AIM OF THE EXERCISE >>
Your answer should consist of the lines below that hold the word "German".

DATASET ENTRIES >>
════════════════════
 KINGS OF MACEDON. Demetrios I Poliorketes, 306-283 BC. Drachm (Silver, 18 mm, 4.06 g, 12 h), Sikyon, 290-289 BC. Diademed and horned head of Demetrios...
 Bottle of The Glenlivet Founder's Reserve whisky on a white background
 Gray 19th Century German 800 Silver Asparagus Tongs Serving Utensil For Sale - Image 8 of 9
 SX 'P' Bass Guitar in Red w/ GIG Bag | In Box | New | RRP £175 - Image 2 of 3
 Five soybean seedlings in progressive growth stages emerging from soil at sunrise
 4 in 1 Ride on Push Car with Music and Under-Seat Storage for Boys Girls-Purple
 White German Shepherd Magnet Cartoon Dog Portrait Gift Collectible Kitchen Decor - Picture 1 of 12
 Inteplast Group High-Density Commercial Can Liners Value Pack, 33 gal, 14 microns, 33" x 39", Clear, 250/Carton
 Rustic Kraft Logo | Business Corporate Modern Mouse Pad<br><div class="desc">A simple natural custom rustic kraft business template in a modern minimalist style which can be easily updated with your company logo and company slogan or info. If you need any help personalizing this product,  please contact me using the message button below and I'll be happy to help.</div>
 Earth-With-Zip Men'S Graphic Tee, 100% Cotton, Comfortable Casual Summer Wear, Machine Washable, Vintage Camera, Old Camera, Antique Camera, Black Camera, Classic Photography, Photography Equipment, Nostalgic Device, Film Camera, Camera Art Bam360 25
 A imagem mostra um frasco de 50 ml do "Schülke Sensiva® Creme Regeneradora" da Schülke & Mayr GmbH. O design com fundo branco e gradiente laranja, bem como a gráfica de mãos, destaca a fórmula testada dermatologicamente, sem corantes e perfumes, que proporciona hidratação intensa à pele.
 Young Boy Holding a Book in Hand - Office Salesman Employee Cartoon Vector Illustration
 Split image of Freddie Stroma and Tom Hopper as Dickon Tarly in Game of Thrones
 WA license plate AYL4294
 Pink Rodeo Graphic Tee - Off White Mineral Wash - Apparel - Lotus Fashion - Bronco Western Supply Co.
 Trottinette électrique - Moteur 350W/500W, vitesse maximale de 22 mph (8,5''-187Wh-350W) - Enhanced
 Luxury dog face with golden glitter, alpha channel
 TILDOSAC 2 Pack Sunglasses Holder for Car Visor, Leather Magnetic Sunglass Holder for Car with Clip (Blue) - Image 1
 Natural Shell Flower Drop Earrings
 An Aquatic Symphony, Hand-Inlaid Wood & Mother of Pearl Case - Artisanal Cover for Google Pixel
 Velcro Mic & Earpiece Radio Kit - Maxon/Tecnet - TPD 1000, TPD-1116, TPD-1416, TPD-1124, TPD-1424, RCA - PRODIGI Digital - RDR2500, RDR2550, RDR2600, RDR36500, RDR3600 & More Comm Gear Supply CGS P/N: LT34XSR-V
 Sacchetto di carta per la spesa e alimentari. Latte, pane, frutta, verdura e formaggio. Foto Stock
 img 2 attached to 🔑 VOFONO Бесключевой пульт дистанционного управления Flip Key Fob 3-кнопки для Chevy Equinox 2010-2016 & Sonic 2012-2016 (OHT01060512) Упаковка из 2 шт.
════════════════════
TASK RESULT >>
 Gray 19th Century German 800 Silver Asparagus Tongs Serving Utensil For Sale - Image 8 of 9
 White German Shepherd Magnet Cartoon Dog Portrait Gift Collectible Kitchen Decor - Picture 1 of 12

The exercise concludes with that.